I used blood red Dutch parchment to create the raised horizon, overlayed with green abraided stained Oasis goatskin to form the landscape.
Following on from the Leopardi exhibition the town of Assisi decided to honour their saint with a similar international competition. For this binding I chose very colourful Oasis goatskin, the pink reflecting the colours of the limewash on the town's buildings. The front and back boards show a raised and convex sun and moon. The sun being rough gilded over red stained yellow goatskin. The gold reflects the light. The moon is covered with Dutch transparent vellum over a disk painted ( in luminous paint ) moonscape. In the dark it glows like the moon.
The intersection of the sun and moon is an onlay of green goatskin representing the earth. On top of this is a portrait of the saint himself created out of leather. Above him is a gold tooled symbol of infinity, like a twisted halo. The first image in this series shows the brass tool I constructed especially to do this.
The book is wrapped in a brown chamois and tied with a girdle representing the monk's habit.
This most challenging of bindings took me eleven months (full time) to complete. Gambling, duelling and the duality of life are important themes in the story. During the time I created this work I fully immersed myself in the period. I took to wearing eighteen century clothing (though I was wearing Victorian before that!). I imported a flintlock pistol (special license obtained from the police), and learnt to fire it. The last photo shows a lead ball fired from that pistol. I did not however take up gambling.
The person who commissioned it forbade me to read Thackery's novel so that the only influences on me would be those taken from Stanley Kubrick's film of the
book. I watched the film dozens of times.
Along with the novel there was a set of prints especially commissioned from a Melbourne artist. So the final work has two parts. One is the novel, the other, though externally identical , is in fact a case. To do this I had to invent a new type of binding for the book. I created a reverse sewn block with a square spine attached tongue in slot that actually opens. The case has a drawer which opens to reveal the book of prints. The prints are bound without adhesive in a modern style with exposed sewing on limp red goatskin.
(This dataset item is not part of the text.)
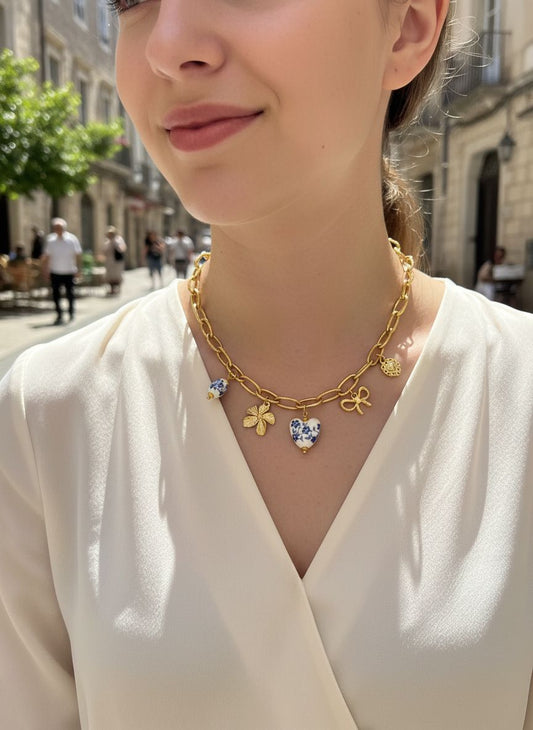 Collier chaîne dorée maillons fleur bleue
The box which holds them both I designed and had made out of Perspex.
Because I was drawing inspiration from a film I wanted to suggest the seeing of things through a transparent medium. The slipcase is clear. Built into the front and back boards of the novel and on the case, are Dutch transparent vellum windows. This creates a feeling of looking through a film into the words and images, within.
Drawing on the themes of duality of light and dark the front boards are light, the rear dark. The male is leather , the female suede (a darker shade of leather reversed ).
The front boards show Barry as an Irish (hence the shamrock shaped window) opportunist in an English uniform. The jack is a knave, and the club is a shamrock. The rear board shows him as an embittered press-ganged Prussian soldier , with the window in the shape of a Prussian Maltese cross. Countess Lyndon appears on the front board as an object of desire, the Queen of Hearts. On the rear she is shown broken, discarded, finding solace in her Christianity.
The spines have still images of two significant moment from the film, hand-painted and set beneath transparent velum. The spine on the case is of the moment when he gains her heart, the spine of novel shows Barry passing through the landscape, appearing, passing through and then gone.